# Solved: G4/400 - can I upgrade to OS X?



## snorkytheweasel (May 3, 2006)

G4/400 - can I upgrade to OS X? If not, what's the best OS for an upgrade?

What is the cost and difficulty of such an upgrade? What are the chances of success?

While an Apple OS is preference, what about BSD or *nix?

The memory on this puppy go up to 1GB, and that's no problem. I have plenty of PC133 memory. 

On PCs I've done so much with so little for so long, that now I can do anything with nothing. However, these closed architecture fruit machines strain my genius. They are awfully cute, though.

THX in advance.
Snorky T.W.


----------



## drummerbull (Oct 24, 2006)

Yes, you can run OS X on that machine. I run server 10.4.8 on a G4 400MHz machine and it runs just fine.


----------



## VegasACF (May 27, 2005)

snorkytheweasel said:


> However, these closed architecture fruit machines strain my genius. They are awfully cute, though.
> 
> THX in advance.
> Snorky T.W.


Notice how we still help you in spite of your little derogations.

Here is all the info you'll ever need on a G4 400 (M7631LL/A) machine.


----------



## snorkytheweasel (May 3, 2006)

Thanks for the help. I'll probably camp out on the everymac site for a while.

Derogations?

Macs ARE closed architecture machines. Add in Apple controlling the hardware, o/s, most of the software -- and you have a solid, stable computer. That's what made the mainframes and minis so reliable.

They ARE fruity From the everymac site re: this berry-colored iMac, I quote: " Like the previous "fruit" iMac series..."

They ARE cute. Especially when compared to a butt-ugly PC.

My genius is in fighting through the barely compatible hardware-o/s-software trifecta, and figuring out causes and solutions; because of my high prices, I'm the techie of last resort. People call me when none of the cut-rate techs can fix the problem. Apples are too simple.... I'd never make any money servicing them.

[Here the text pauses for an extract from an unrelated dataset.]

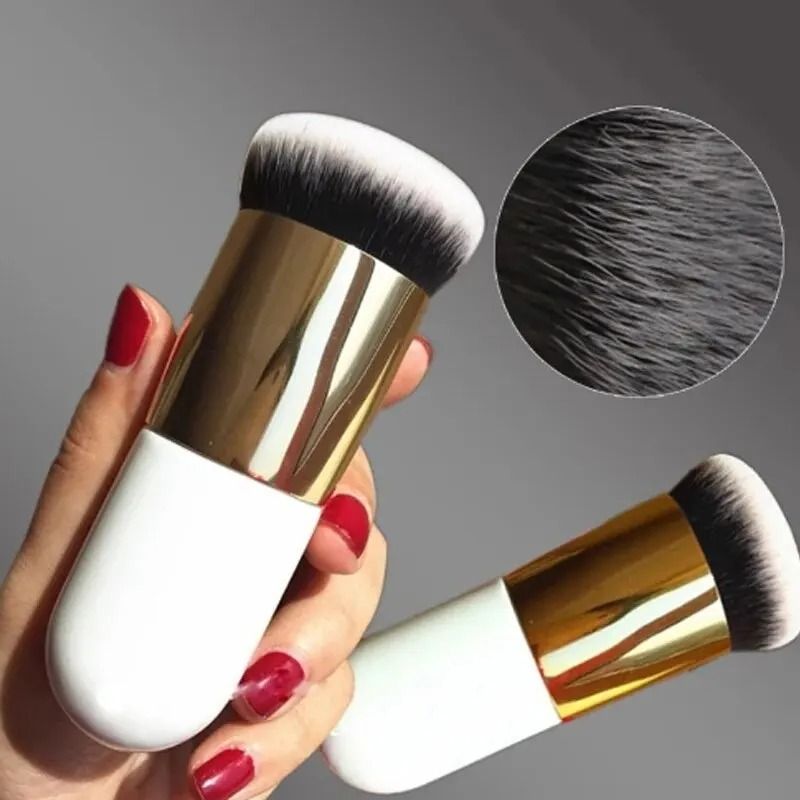 Flawless Finish Foundation Brush for Effortless Makeup Application
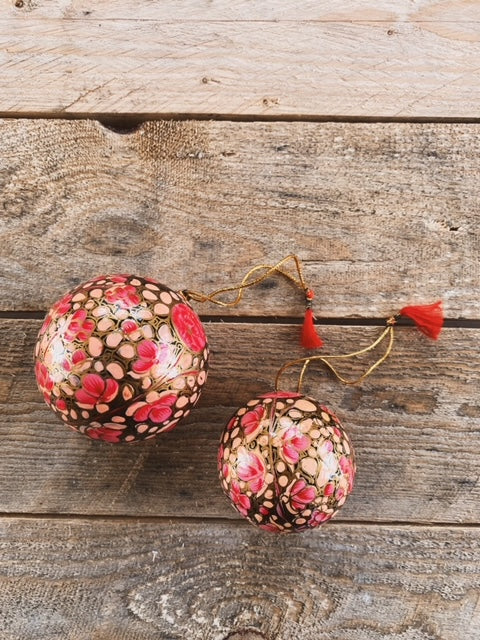 hand painted paper mache bauble – Amber + Willow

Anyway, thanks again. I'll be back, no doubt.

Snorkster
YOUR Computer Guy
Registered Linux User #247891
Microsoft Certified Systems Engineer (MCSE) #1228500
Microsoft Certified Internet Professional (MCP + I)
Microsoft Certified Professional (MCP)
Microsoft Windows Crash Test Dummy (MWCTD)


----------



## Headrush (Feb 9, 2005)

Yes, but your implications was your old PC can run anything still.

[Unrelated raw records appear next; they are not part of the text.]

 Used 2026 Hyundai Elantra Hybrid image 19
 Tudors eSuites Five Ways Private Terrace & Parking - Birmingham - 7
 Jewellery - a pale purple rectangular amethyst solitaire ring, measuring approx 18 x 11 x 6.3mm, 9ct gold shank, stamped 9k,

Run Vista on it with the 3D effects enabled and tell us if that is still true. ;-)
(If it will let you install!)

Make sure you're comparing Apples and ..... Apples I guess. :lol:


P.S. I hear he ya. If it weren't for Windows I would be looking for a new job!


----------



## snorkytheweasel (May 3, 2006)

Headrush said:


> Yes, but your implications was your old PC can run anything still.
> 
> Run Vista on it with the 3D effects enabled and tell us if that is still true. ;-)
> (If it will let you install!)
> ...


I have three that 'can' run Vista. Now I just need a reason why I should. My favorite setup is XP on top with Kubuntu or Mepis in a virtual machine. I might try reversing that the next time I have to re-install XP.

For my office PC my boss generously gave me another 256MB RAM. That will give me 768MB... He wants me to test Vista on that, without upgrading the video.  

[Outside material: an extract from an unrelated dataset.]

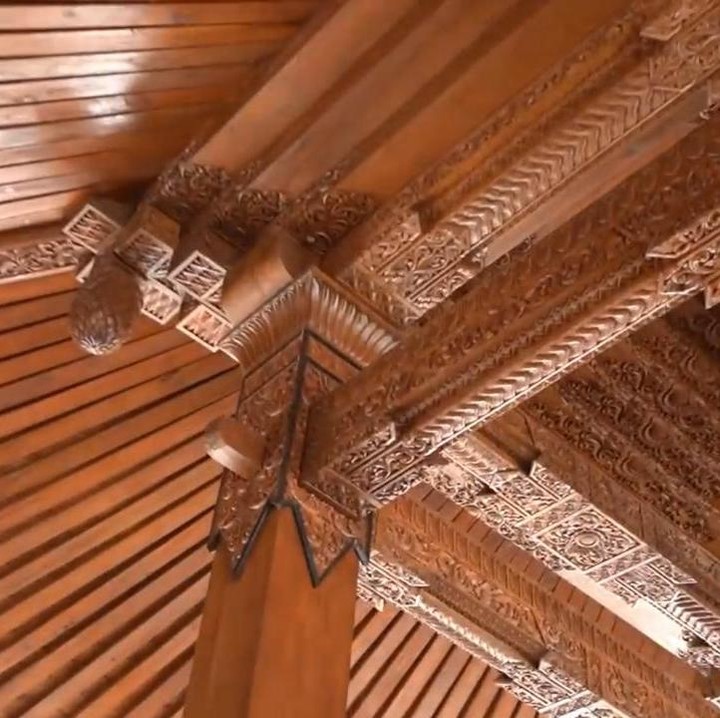 <p>Aula joglo ini masih dibuat secara tradisional lho, Bunda. Dalam artian, tidak menggunakan paku atau pasak, namun hanya diselipkan seperti bongkar pasang. (Foto: YouTube deHakims)</p>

I said I'd do it when Vista will run in a virtual machine (MS issued a warning about that). I'm not sure why we should try Vista. Our budget for next year was cut; we can't add any new desktops until Sept 2008 at the earliest. If...if...if that were to happen, we couldn't actually deploy Vista until Jan 2009. The world will look much different by then.

That means we have 2200 desktop PCs (and and a dozen MACs for the artists who refuse to give up their fruit machines) with 256 MB RAM. To make those even close to Vista-ready we'd have to spend $250,000 on RAM, and at least that much on video cards. Even then, in an ideal world I doubt it would work.

By 2009 I expect to have most, if not all, of those desktops setup as terminals in a terminal services environment. Hardware cost - almost $0 In that case, Vista would be useless.

So - to answer your challenge - when Hell freezes over or Iraq is peaceful - whichever comes first.

Snorky
"Peace is _SO_ gay."


----------



## Cicely (Feb 11, 2007)

Yes, I have not had any problems whatsoever with loading OSX on my G4/400 +
I decided to keep the 'classic' 09 on there, as well - no problem with that. But this
model was not built with a CD burner and I'm going to have to 'build' some
firewire and xtrnl onto it... I thnk.


----------